Introduction

In my previous blog post "Building an image classifier using Fastai ", I introduced the Fastai V2 library by building a baseline flower classifier model on the flowers-102 dataset.

The baseline model created achieved an accuracy of about 96.2% on the validation set. The main aim of this post is to improve on my current baseline by employing some of the strategies taught in the Fastai course in order to reach the SOTA for the flowers-102 dataset which is an accuracy of 99.7%.


Let's first import the Fastai library:

from fastai.vision.all import *
%matplotlib inline

Re-loading the baseline model

In the previous post, I saved the model created in order to re-load it again when needed. A saved model basically saves the weights and bias matrices for each of the layers of the architecture trained for the specific task. When the model is saved, behind the scenes Fastai uses saves the models state_dict and stores it in a pickle file.

To reload the model we could simply do: learn.load('flowers-baseline')

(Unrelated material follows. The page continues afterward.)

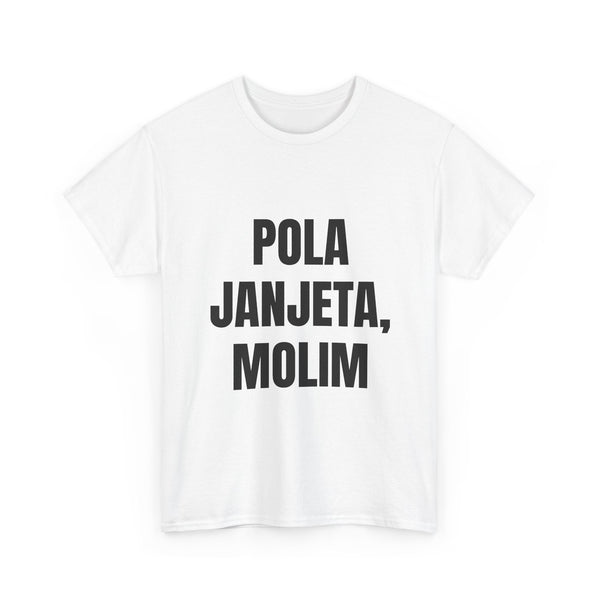 Majica „Pola janjeta, molim”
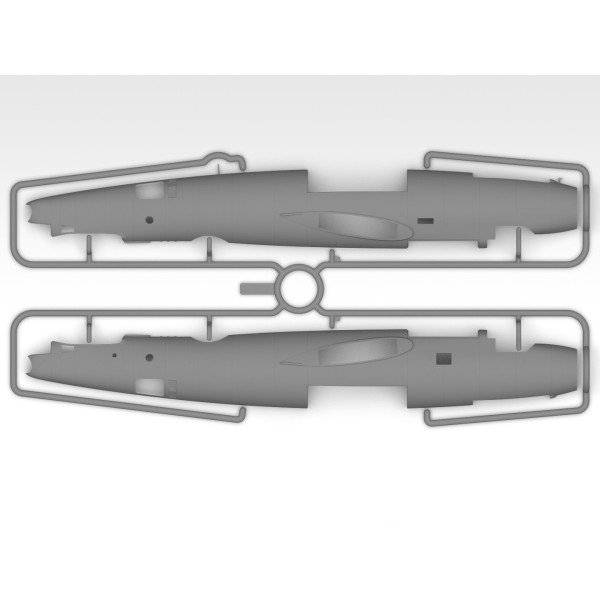 B-26F Marauder WWII American Bomber  1/48 ICM 48325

But hold on, it isn't quite that simple.

To load all those weight matrices properly we need to clearly define the architecture of the model as it was defined while training the model. So we follow the same steps as we did last time to create the DataBlock, then creating the dataloaders from it and finally specify the architecture we used by creating the Learner.

path = untar_data(URLs.FLOWERS)
df = pd.read_csv('data/df.csv', index_col=0)
files = get_image_files(path/'jpg')
def get_x(r): return path/r['name']
def get_y(r): return r['class']

dblock = DataBlock(blocks=(ImageBlock, CategoryBlock),
                   splitter=RandomSplitter(seed=42),
                   get_x= get_x,
                   get_y= get_y, 
                   item_tfms = Resize(224))
dls = dblock.dataloaders(df) 
learn = vision_learner(dls, resnet34, metrics=accuracy)
learn.load('flowers-baseline')
<fastai.learner.Learner at 0x7f0670112df0>

To view the weight and bias matrices of our model we can check its state_dict as follows:

learn.model.state_dict()

Note: When we do a model.save behind the scenes Fastai is calling upon PyTorch to save this state_dict. Something along the lines of this:torch.save(learn.model.state_dict(), 'checkpoint.pkl')

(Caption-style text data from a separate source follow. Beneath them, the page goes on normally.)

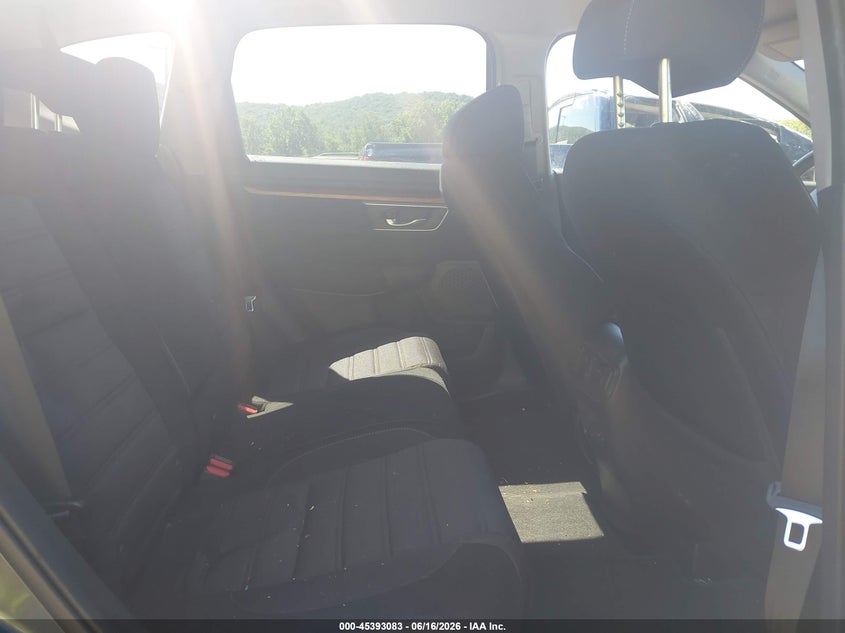2018 Honda Cr-v VIN 2HKRW2H55JH602401 IAAI salvage auction — REAR END, Salvage Title, sold $7,100 on 2026-07-24 (photo 8)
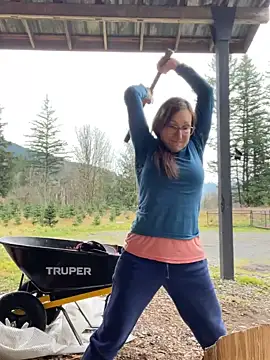 MsSamantha online show from December 2024 09:20:01 PM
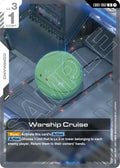 Warship Cruise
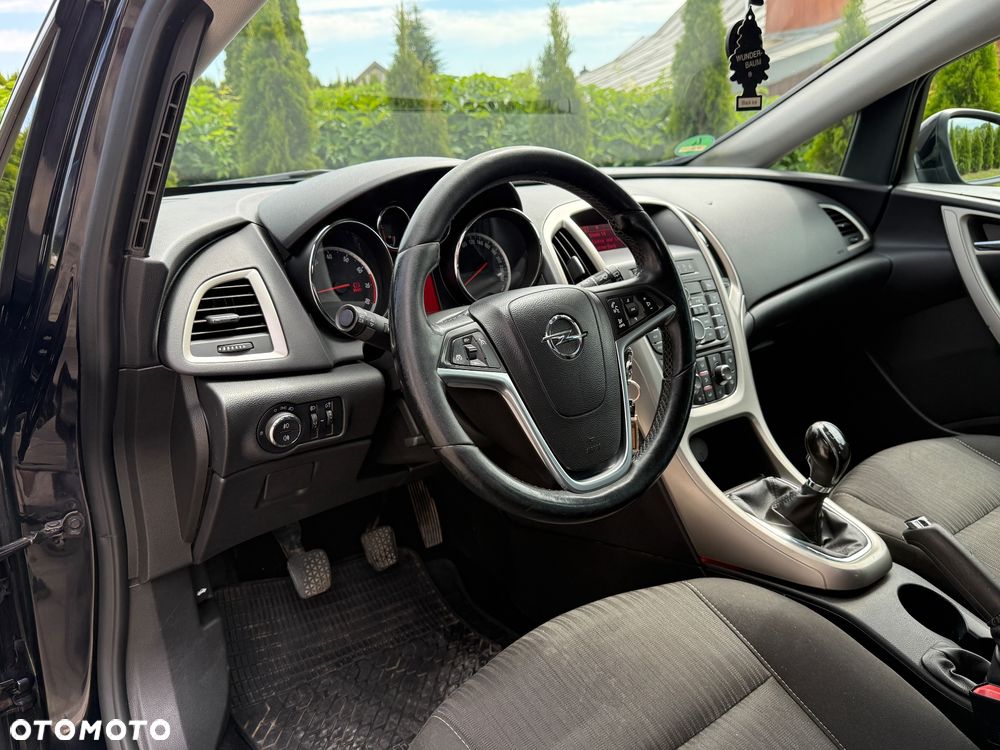 Opel Astra 1.4 Turbo - 20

This is what is also happening when we use a pretrained model. We are basically taking the state_dict of a model trained for hours together and using it for our purposes!

Now that our pre-trained model is loaded, lets check where we stand by interpreting and validating our model on the validation set.


Model interpretation

interp = ClassificationInterpretation.from_learner(learn)

One way to see how good your model is doing by using the confusion matrix which basically plots the matrix of correct predictions of the each class as compared to others. This means we can see the classes that were mistaken as the other by looking at a single class. You can do so in Fastai by running the following code:

interp.plot_confusion_matrix(figsize=(12,12), dpi=60)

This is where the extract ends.